THE NEW RULES OF RETAIL

Competing in the World's Toughest Marketplace

by Robin Lewis and Michael Dart

Pub Date: Dec. 7th, 2010
ISBN: 978-0-230-10572-0
Publisher: Palgrave Macmillan

The mall is dead. Long live…well, a different mall.

Retail consultants and strategists Lewis and Dart chart three periods of commercial history. The first was an era of pent-up real demand; the second featured abundance and the generation of wants made into needs; the third—well, whatever it is we’re living in now, when “consumers have grown accustomed to an instantaneous and unlimited selection of virtually anything they might dream of.” The problem for retailers is that our collective tastes have changed. Spoiled rotten, we demand “experience” when we shop, so that a visit to Trader Joe’s or Victoria’s Secret—take your pick—becomes a pampering of the senses as much as an opportunity to stock up on pot stickers or bras. Some retailers are not equipped to handle the rigors of what the authors call “experiential superiority,” to say nothing of “superior value-chain control.” At some unspecified point in the near future, Lewis and Dart predict that half of retailers and brands are going to disappear, to be replaced by companies that have somehow engineered their way around the “traditional retail/wholesale business model.” Writing with numerous bulleted lists, the authors outline the qualities and characteristics that they believe the winners in this Darwinian struggle will share—and, it would seem, many of those winners will be Chinese.
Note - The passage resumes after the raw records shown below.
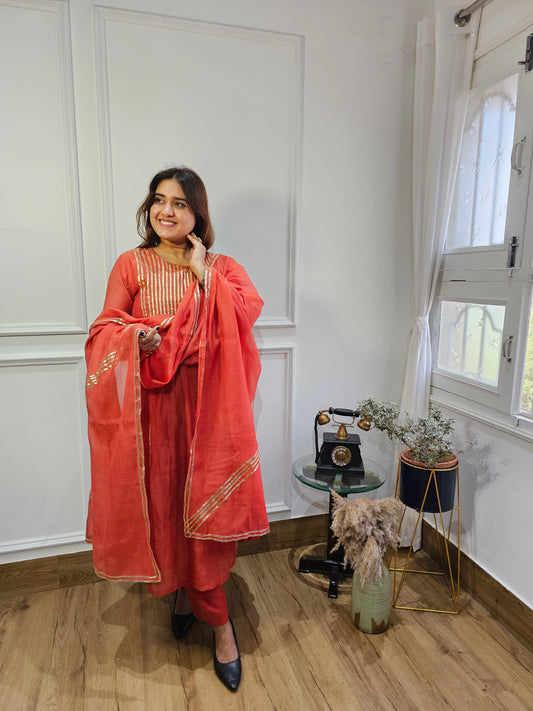 Jeenas gota detailed suit set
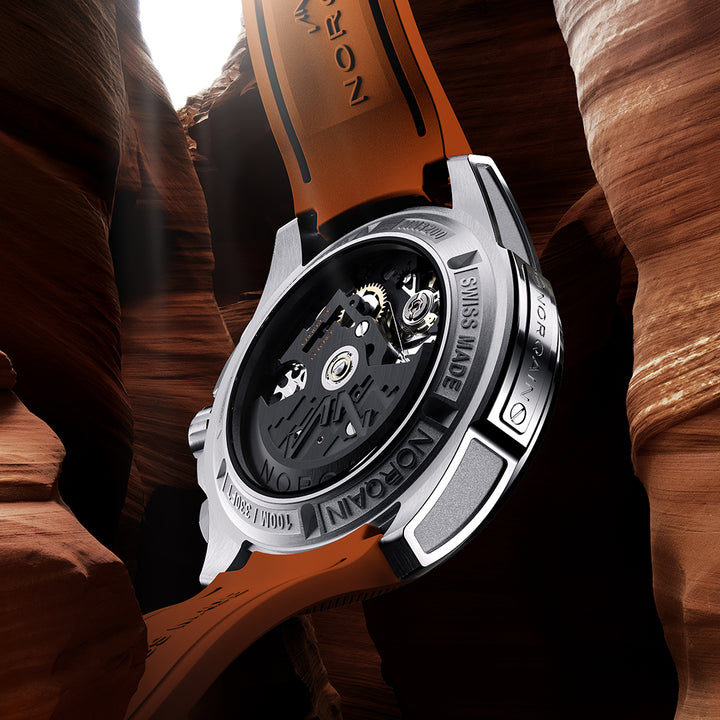 NORQAIN - Independence Skeleton Chrono - N3200.40S01.O01 – Automatik-Chronographenwerk – orange - 42 mm - Herrenuhr mit Saphirglasboden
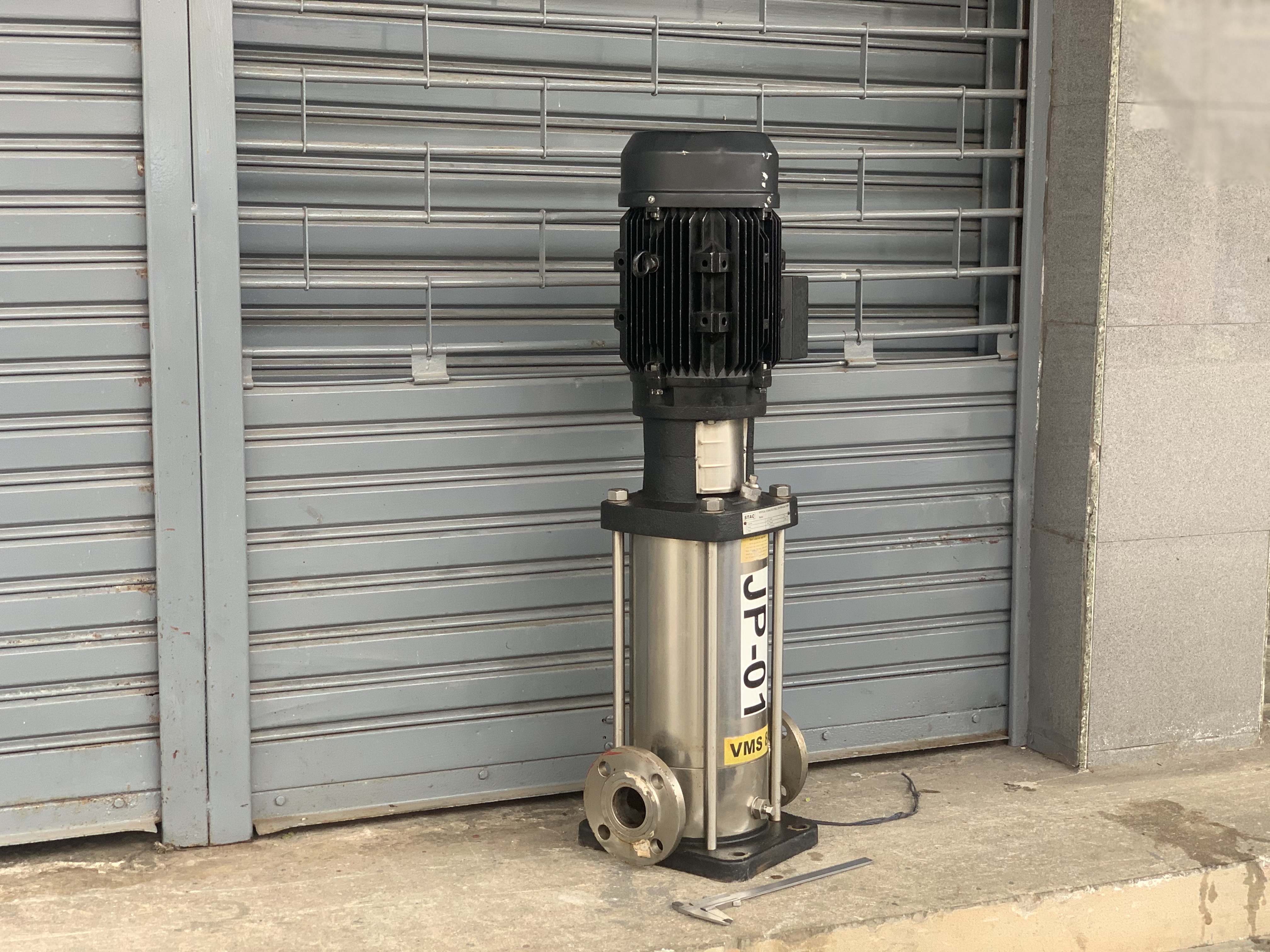 ขายปั๊มน้ำแรงดันสูงทรงตั้งสเเตนเลส Stac 4HP. 220/380V ขนาดท่อ 2นิ้ว แรงดันสูงส่งไกล สภาพสวยใหม่มาก หมุนนิ่ม พร้อมใช้งาน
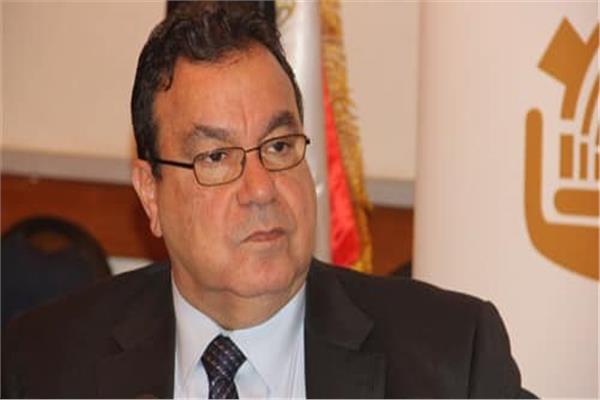 محمد البهى رئيس لجنة الضرائب والجمارك باتحاد الصناعات المصرية
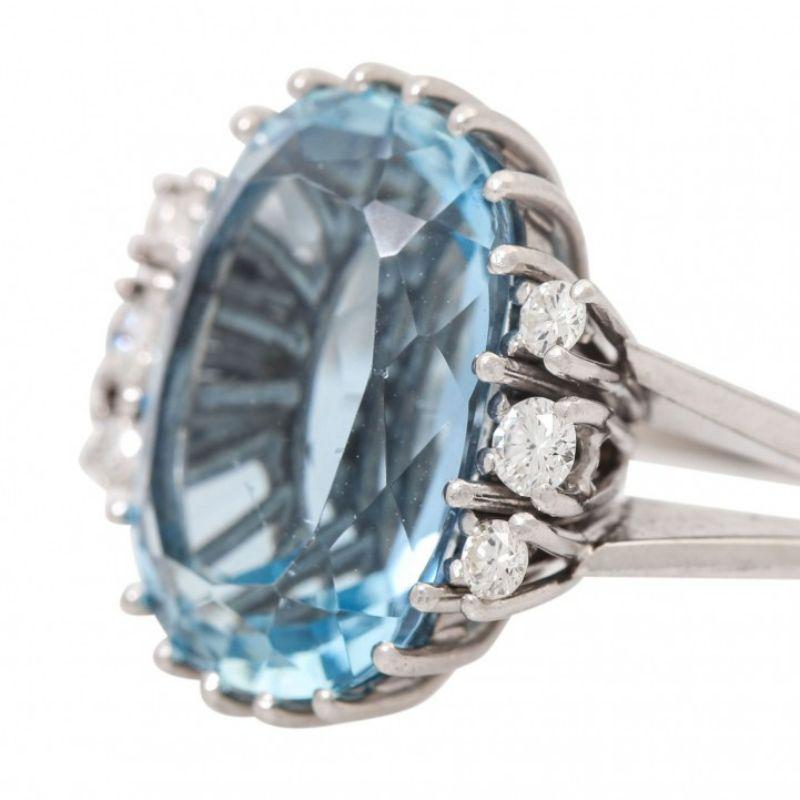 Women's Ring with Aquamarine and 6 Brilliant-Cut Diamonds Totaling Approx. 0.22 Ct For Sale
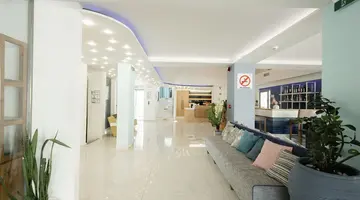 Pollis Hotel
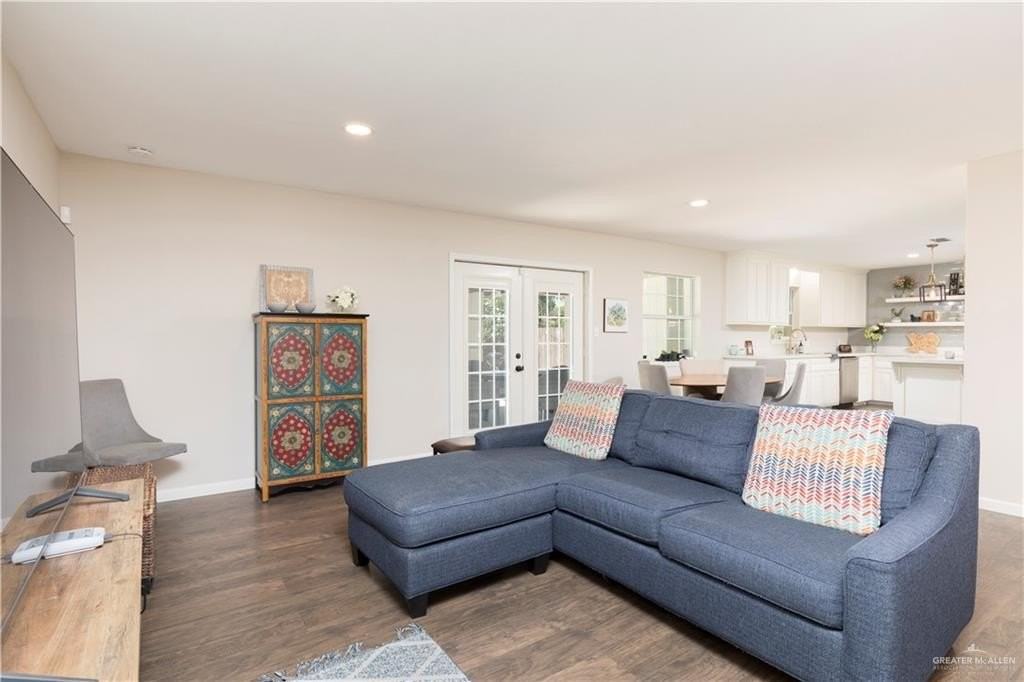 1609 Ulex Ave - Photo 5 of 23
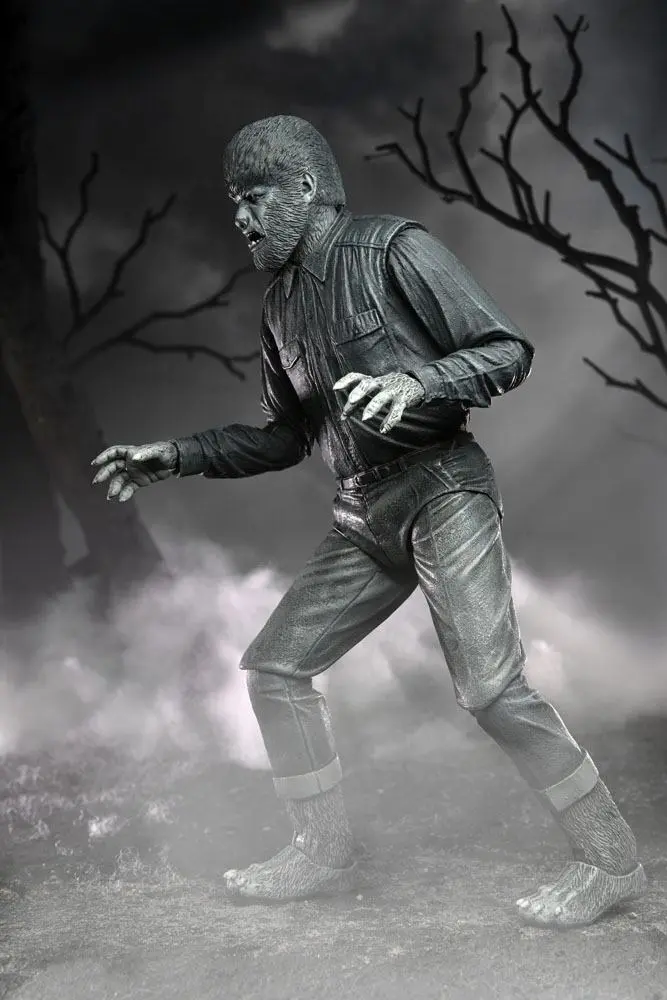 Universal Monsters Akčná figúrka Ultimate The Wolf Man (čierna a biela) 18 cm produktová fotografia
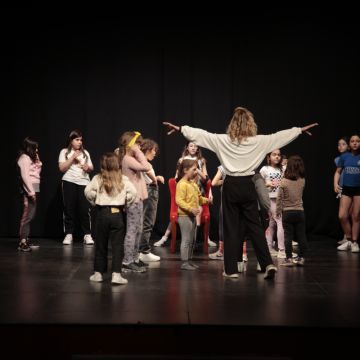 Margarida Pialgata - Cascais - Espetáculo de Comédia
Some of their conclusions seem very well backed by solid evidence; on the last point, for instance, they point to one Chinese apparel maker’s recent acquisition of 16 American brands. Other conclusions seem more speculative. If rats are drenched in dopamine while exploring new sections of the maze, does that really translate to humans taking great pleasure in finding a new store—particularly when “future consumers are going to be ‘wired,’ but only to what they choose to be wired to”?

Whatever the case, the authors bring solid credentials to their forecast of the coming retail landscape, and they provide plenty of interesting material for readers on both sides of the cash register.